◆ **TASK DIRECTIONS**
Pictures should be left out while the data beneath this task is written out word for word.

◆ **COLLECTED DATA**
- Opening Delimiter -
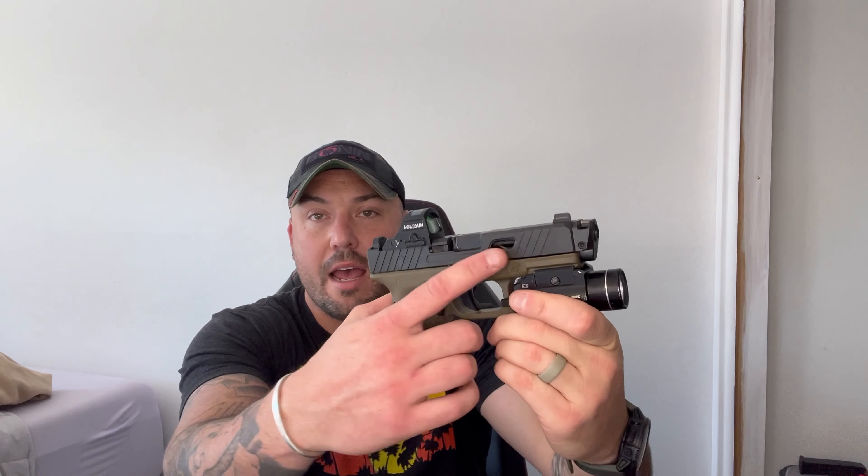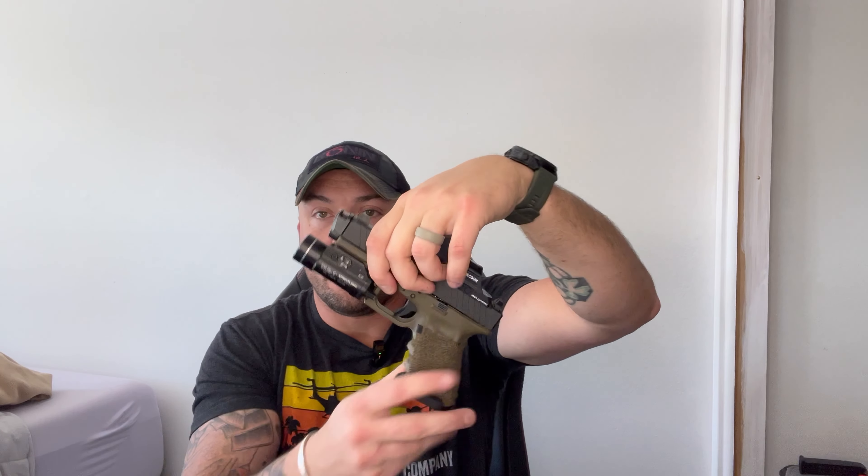In my opinion, the best EDC pistol is the Glock 19. This is a Gen 3 model, so no adjustable back strap. It's got stippling around the handle as well as the finger rest up here all the way through the grooves and the other side. No magazine, no round in the chamber — we're completely empty and safe.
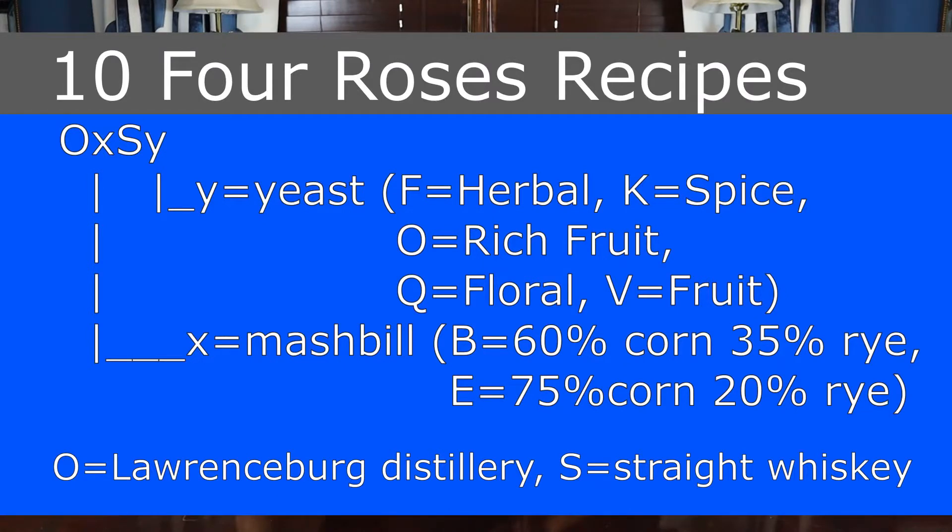Four Roses Small Batch Select is the fourth permanent release in the Four Roses brand of bourbons. Some people call it the fourth rose. This builds on the normal Four Roses Small Batch, and we'll get into the details as to why. I'm going to go ahead and pour a glass while I'm talking.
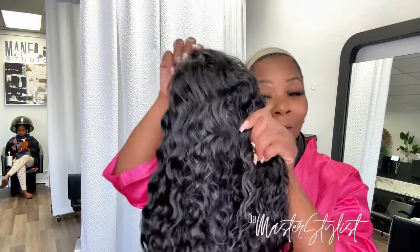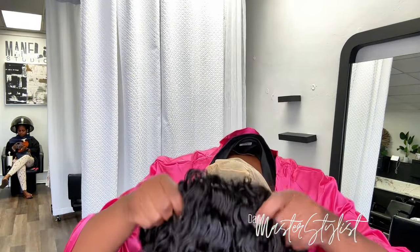This is glueless so you just put it on. This is the unit on. Again, I did not bleach the knots — I probably will go back and do it later, but I wore the wig this weekend and I didn't need it. It was fine. You can see I have the edges out so if I want to put it behind my ear, it's not slicked back — it looks a little natural.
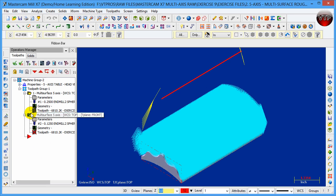Select both operations and click Verify and OK. It's now verifying the second operation and setting it up to be simulated. Because I used a 0.01 step over, there are so many toolpaths that I can't see my part — those blue lines are the toolpaths. This is going to take a little bit of time and I will resume when it's done.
- Closing Delimiter -
◆ **WRITTEN SOLUTION**
In my opinion, the best EDC pistol is the Glock 19. This is a Gen 3 model, so no adjustable back strap. It's got stippling around the handle as well as the finger rest up here all the way through the grooves and the other side. No magazine, no round in the chamber — we're completely empty and safe.
Four Roses Small Batch Select is the fourth permanent release in the Four Roses brand of bourbons. Some people call it the fourth rose. This builds on the normal Four Roses Small Batch, and we'll get into the details as to why. I'm going to go ahead and pour a glass while I'm talking.
This is glueless so you just put it on. This is the unit on. Again, I did not bleach the knots — I probably will go back and do it later, but I wore the wig this weekend and I didn't need it. It was fine. You can see I have the edges out so if I want to put it behind my ear, it's not slicked back — it looks a little natural.
Select both operations and click Verify and OK. It's now verifying the second operation and setting it up to be simulated. Because I used a 0.01 step over, there are so many toolpaths that I can't see my part — those blue lines are the toolpaths. This is going to take a little bit of time and I will resume when it's done.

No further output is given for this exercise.